CWG, the main operating subsidiary of AIM-listed Songbird Estates, has agreed to sell the 314,000 square foot office building at 5 Churchill Place to a Bermuda-based private investor at a yield in the region of 6 per cent.
The recently developed property, which was originally designed for defunct US investment bank Bear Stearns, was sold at a £38 million premium to its June 30 book value.
The majority of 5 Churchill Place is let to JP Morgan Markets Limited for 20 years from August 2009 at an annual rent of £10.6 million. CWG is providing rent support to the buyer for the two unlet floors totalling £2.16 million a year for a maximum period of five years.
Analysts expect most of the sale proceeds to be used to pay down construction loans, with the remainder set aside for new projects emerging from CWG’s four million square foot landbank.
Songbird shares rose 0.5 per cent to 153.6 pence by 0842 GMT against a 0.3 per cent fall in the FTSE Real Estate Index. The sale of 5 Churchill Place reflects a sharp rise in investor appetite for well-let UK offices following the climax of the worst commercial property slump seen for generations.

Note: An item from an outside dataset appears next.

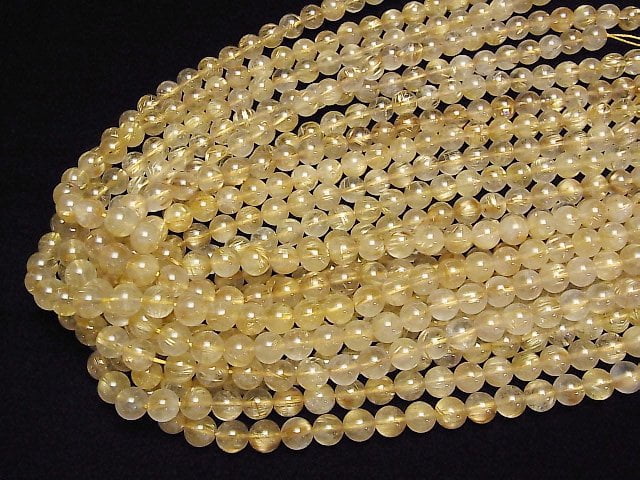 [Video]Rutilated Quartz AA++ Round 8mm half or 1strand beads (aprx.15inch/38cm)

The recent market bounce, mostly driven by wealthy investors in search for higher-yielding investments, has fuelled concerns of a pricing bubble in UK property that could pop dramatically in 2010 if banks bring more distressed property to market.
Earlier this week, LaSalle Investment Management warned that government monetary and fiscal stimulus policies could be drawing too much money back into property ahead of a solid recovery in occupier demand.
LaSalle said that this excess liquidity risk was already building in China and, to a lesser extent, Britain. It urged investors to maintain strict investment discipline that focuses on achieving a set return with affordable and realistic leverage.